The energy band gap directly correlated with the efficiency of the thin-film solar cell depends on the composition ratio of the CIGS compound forming the light absorption layer, that is, the composition ratio of indium (In) and gallium (Ga) in CuIn1-xGaxSe2. The energy band gap between eV was obtained. At present, the CIGS light absorption layer 30 of the solar cell having the highest efficiency has an energy band gap of approximately 1.2 eV, and the composition ratio of the CIGS compound at this time is known as CuIn0.74Ga0.26Se2.

However, in the conventional CIGS-based thin film solar cell, the CIGS-based compound is a quaternary compound, and when manufacturing a light absorbing layer using the same, there are many difficulties in the composition and process control, and in the case of the conventional CIGS-based thin film solar cell Since the light absorbing layer 30 having a single energy bandgap is used, a wavelength other than the energy bandgap corresponding thereto is passed through as it is, so that there is a problem in that a large portion of solar loss occurs.

Therefore, there is an urgent need to develop a thin-film solar cell having higher efficiency than the conventional CIGS-based thin-film solar cell and having simpler and easier composition and process control.
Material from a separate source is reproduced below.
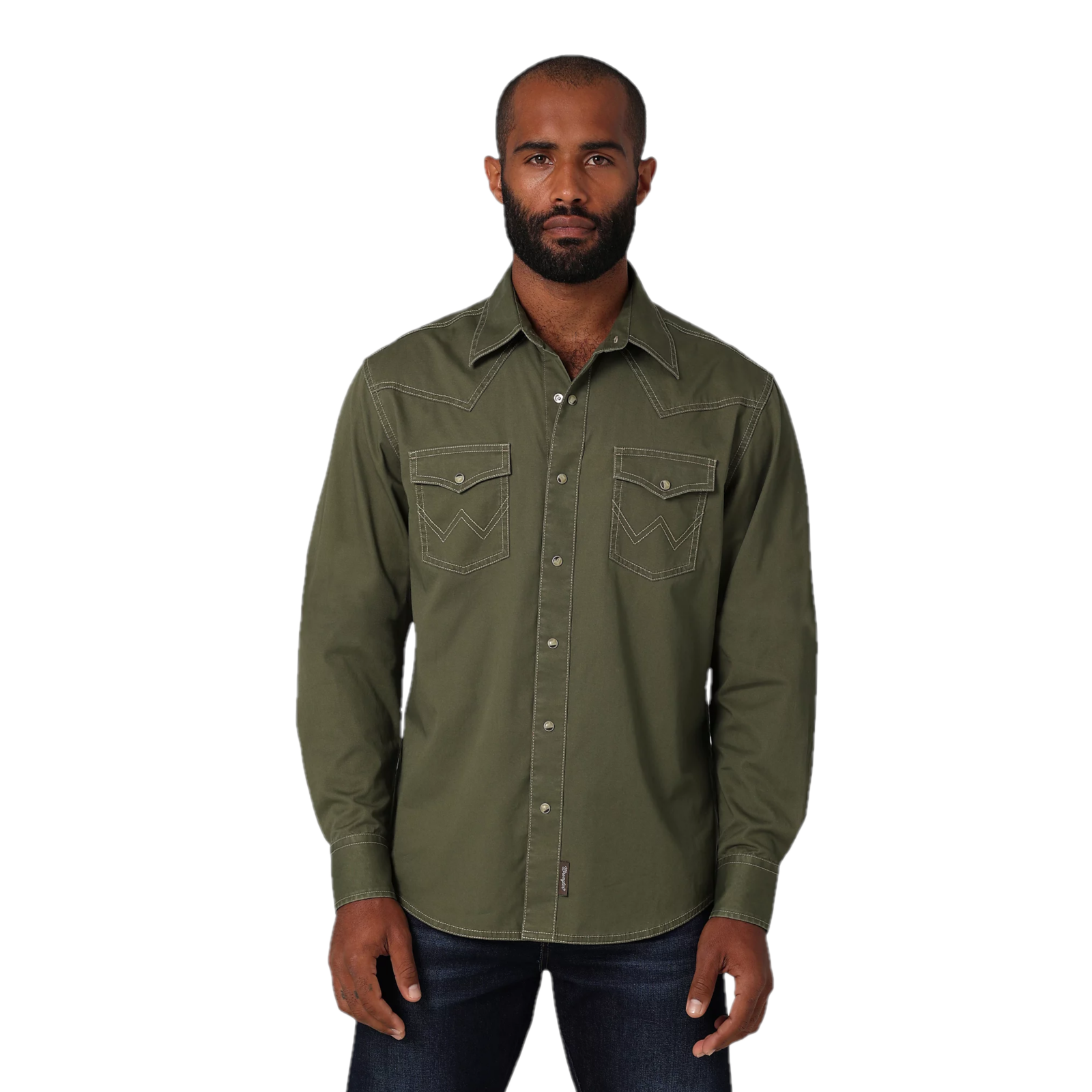 Olive green store button down shirt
In particular, when manufacturing such a solar cell, it is possible to adjust the energy band gap by grading the composition ratio of gallium included in the light absorbing layer, there is a problem that it is difficult to grade the composition ratio of gallium by the conventional heat treatment method.

Embodiments provide a solar cell having improved efficiency.
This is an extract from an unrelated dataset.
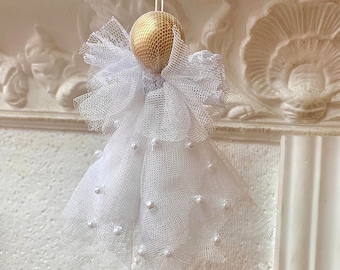 Vintage Green Mesh Angel Christmas Ornament MCM 1950 1960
Solar cell according to the embodiment, the support substrate; A back electrode layer on the support substrate; A light absorbing layer on the back electrode layer; A buffer layer on the light absorbing layer; And a front electrode layer disposed on the buffer layer, wherein the amount of crystallization included in the light absorbing layer is different from each other.

A method of manufacturing a solar cell according to an embodiment includes forming a back electrode layer on a support substrate; And forming a precursor of a light absorbing layer on the back electrode layer, wherein the precursor includes an upper surface and a lower surface opposite to each other, and the forming of the precursor comprises irradiating a laser onto the upper surface and the lower surface. It includes a step.

The solar cell according to the embodiment has different amounts of crystallization included in the light absorbing layer. Specifically, the energy band gap of the light absorbing layer may be adjusted by grading the composition ratio of gallium included in the light absorbing layer, thereby improving efficiency of the solar cell. That is, it is possible to provide a high efficiency solar cell by adjusting the internal composition ratio of the solar cell.

The method of manufacturing a solar cell according to the embodiment includes irradiating a laser. In the irradiating of the laser, a local laser may be irradiated to the precursor of the light absorbing layer. Through this, the composition ratio of gallium included in the light absorbing layer can be adjusted by controlling the diffusion of gallium. Through this, the energy band gap of the light absorbing layer may be adjusted, and further, the efficiency of the solar cell may be improved.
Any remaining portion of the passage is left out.